17. The system of claim 16, wherein the access elimination trigger is initiated upon receiving status information from a server connected to the agent computing device indicating the agent computing device has been compromised.

18. The system of claim 16, wherein the agent computing device is adapted to encrypt data on the agent computing device upon receiving the access elimination command.

19. The system of claim 16, wherein the agent computing device is adapted to destroy the encryption key upon receiving the access elimination command.

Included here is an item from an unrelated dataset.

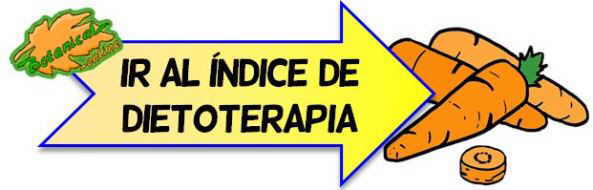 dietoterapia indice dietas curativas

20. The system of claim 16, wherein the agent computing device is adapted perform hardware disablement of one or more components of the agent computing device upon receiving the access elimination command.

21. The system of claim 16, wherein the agent computing device is adapted to perform targeted destruction of data on the agent computing device upon receiving the access elimination command.

22. The system of claim 21, wherein the targeted destruction of data on the agent computing device includes performing a multiple overwrite operation on the data to thwart later reconstruction of the data.

23. The system of claim 21, wherein the agent computing device is adapted to perform targeted destruction of data on the agent computing device after a delay measured by a timer.

24. The system of claim 16, wherein the agent computing device is adapted to destroy a partition table of the removable media upon receiving the access elimination command.

25. The system of claim 16, wherein the access elimination trigger is initiated by an administrator or a user of the agent computing device.

26. The system of claim 16, wherein the access elimination trigger is initiated upon detecting invalid attempts to access the agent computing device.

27. The system of claim 16, wherein the access elimination trigger is initiated upon determination that a predefined activation interval has elapsed.

28. The system of claim 16, further comprising initiating a mode wherein an unauthorized user is permitted to operate the agent computing device while the agent is actively destroying data on the agent computing device.

29. The system of claim 16, wherein real-time encryption is performed as data is written to memory of the agent computing device.

30. The system of claim 16, further comprising performing double encryption of data on the agent communication device including both disk-level and file-level encryption.